For users, it would be possible to give lower priority to all processes that are running in the background (minimized or on another screen) at once. This could even be automated by a window manager and would result in a more responsive desktop.
First, system daemons could/should be niced already if needed.
Next, your user side usecase lacks substance. GUI processes that are minimized or on other desktop are usually sleeping anyways. If they are not, for example a music player or a cd burning application, it could even be fatal to give them bad priority.
It’s not as easy as it looks. On earlier Windows versions (don’t know the current ones) you could give a hint to the scheduler: Equal rights for every process or priority given to the current “foreground app”. I always chose the former…
Thanks, I forgot about such things as audio players running in the background 😉 You are absolutely right.
For single user system this’d mean that a game (run in a separate group) gets more timeslice than a backgroud daemon which is a wanted behavior, (control groups aren’t merged yet though).
Also I hope it’s possible to integrate something like a guaranteed timeslice mechanism (similar to MMCS on Windows) which is a useful feature for player apps (simplest form would be to reserve up to e.g. fixed % of CPU time for a process/group or similar if they want to use it).

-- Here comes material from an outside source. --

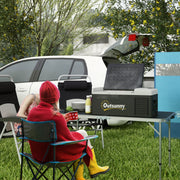 16L Portable Car Fridge with Adjustable Temperature for Travel and Camping Black Grey AOSOM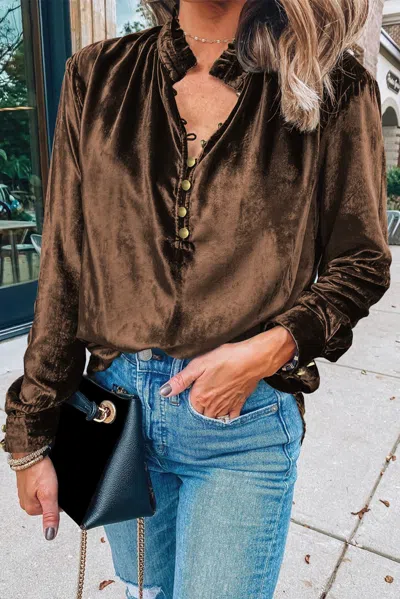 Truedames Desert Palm Frilled Neck Buttoned Front Velvet Top In Multi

Group scheduling seems as a one way to do this, by implementing something like fixed CPU % group quota and putting apps into it.
After all, ability to give guaranteed timeslice(while taking care about time resolution as well) generally is a requirement for realtime systems.
Reminding though that Vista has huge problems with MMCS, as they seem to starve network stack, but that kind of situation is probably possible to avoid, i.e. make better implementation than their obviously rushed & unmature scheduling and/or net stack.
Edited 2007-10-25 13:45
Since 2.6.23 (when the new scheduler was released) i can play et quake wars and compile something in background without any frame drop ( i have 120 fps limit anyway). I even can unpack stuff in background at the same time ( which is heavy io/cpu) and i still get decent fps while gaming. I’d say it’s much better than 2.6.22, where framerate varied greatly and the gameplay became very laggy with the same workload. It is even better than what windows does – try to 7zip something while playing a game. I think this is a great improvement.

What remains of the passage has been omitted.